PROBLEM DETAILS —
The line with "Dudley Pond 3D wood map, hero view" marks where to begin; print it and all lines after it in the material below exactly, skipping pictures.

INFORMATION SUPPLIED —
[Start of section]
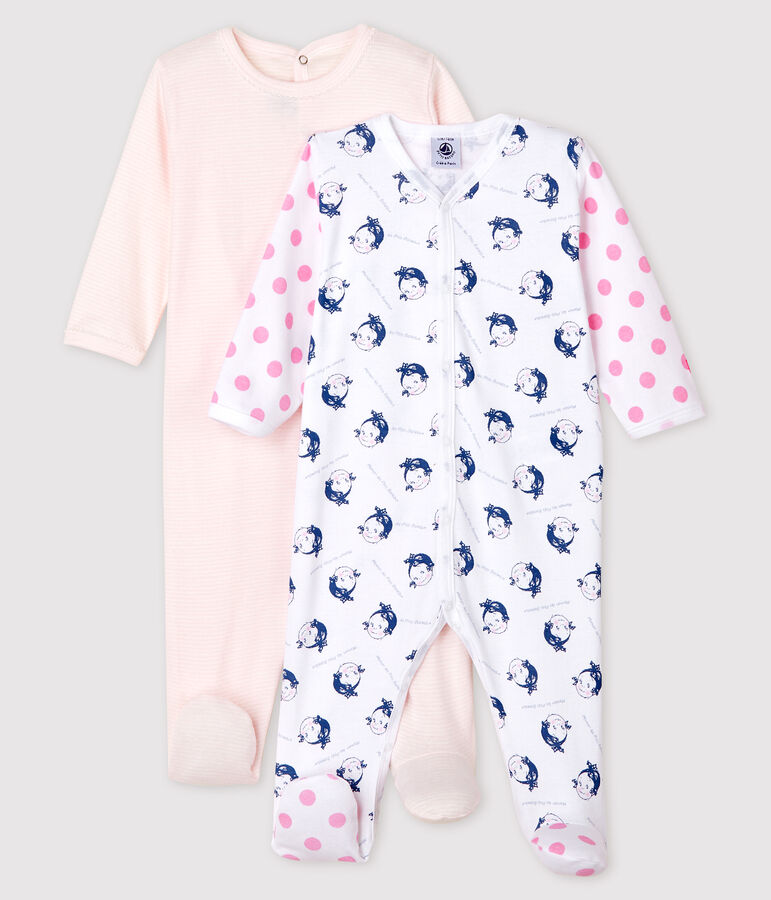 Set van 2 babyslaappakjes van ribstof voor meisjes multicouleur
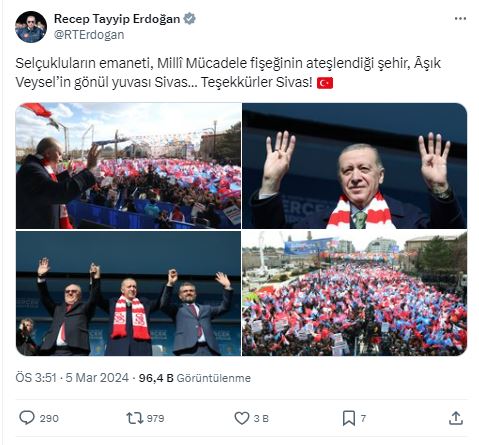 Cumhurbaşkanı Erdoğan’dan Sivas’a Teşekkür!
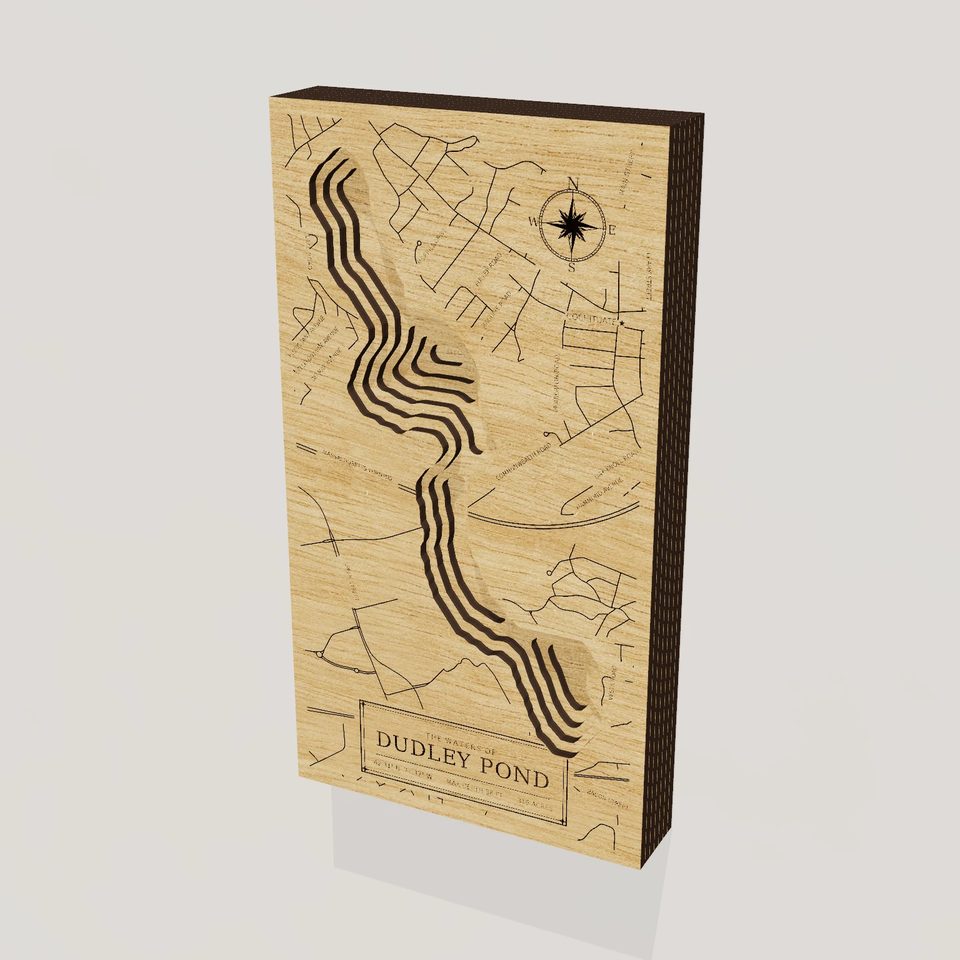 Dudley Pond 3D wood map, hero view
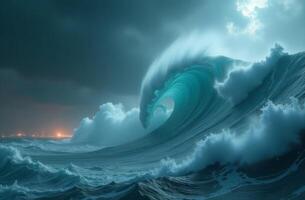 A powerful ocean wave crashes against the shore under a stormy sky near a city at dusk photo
[End of section]
THE ANSWER —
 Dudley Pond 3D wood map, hero view
 A powerful ocean wave crashes against the shore under a stormy sky near a city at dusk photo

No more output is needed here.